■ What is required:
The word "blue" occurs in some lines of the listing. Copy those lines.

■ Available records:
• • •

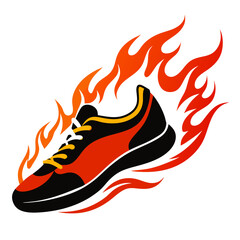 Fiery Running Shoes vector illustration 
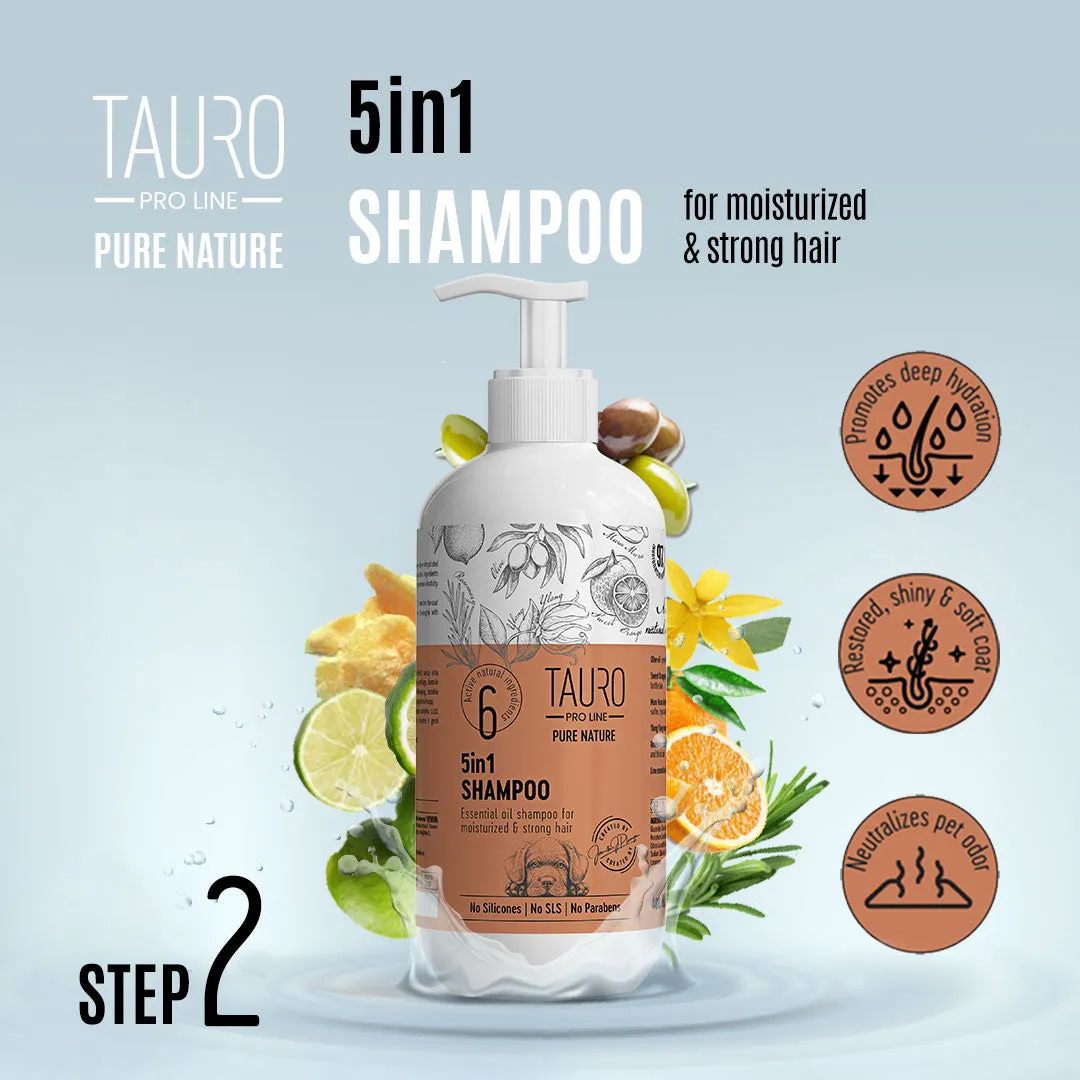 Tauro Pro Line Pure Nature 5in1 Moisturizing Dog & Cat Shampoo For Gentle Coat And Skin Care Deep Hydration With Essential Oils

• • •

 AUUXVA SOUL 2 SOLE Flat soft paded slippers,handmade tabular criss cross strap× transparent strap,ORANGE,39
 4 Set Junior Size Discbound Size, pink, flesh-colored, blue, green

• • •

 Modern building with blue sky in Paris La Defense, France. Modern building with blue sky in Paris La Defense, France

• • •

■ Task answer:
 4 Set Junior Size Discbound Size, pink, flesh-colored, blue, green
 Modern building with blue sky in Paris La Defense, France. Modern building with blue sky in Paris La Defense, France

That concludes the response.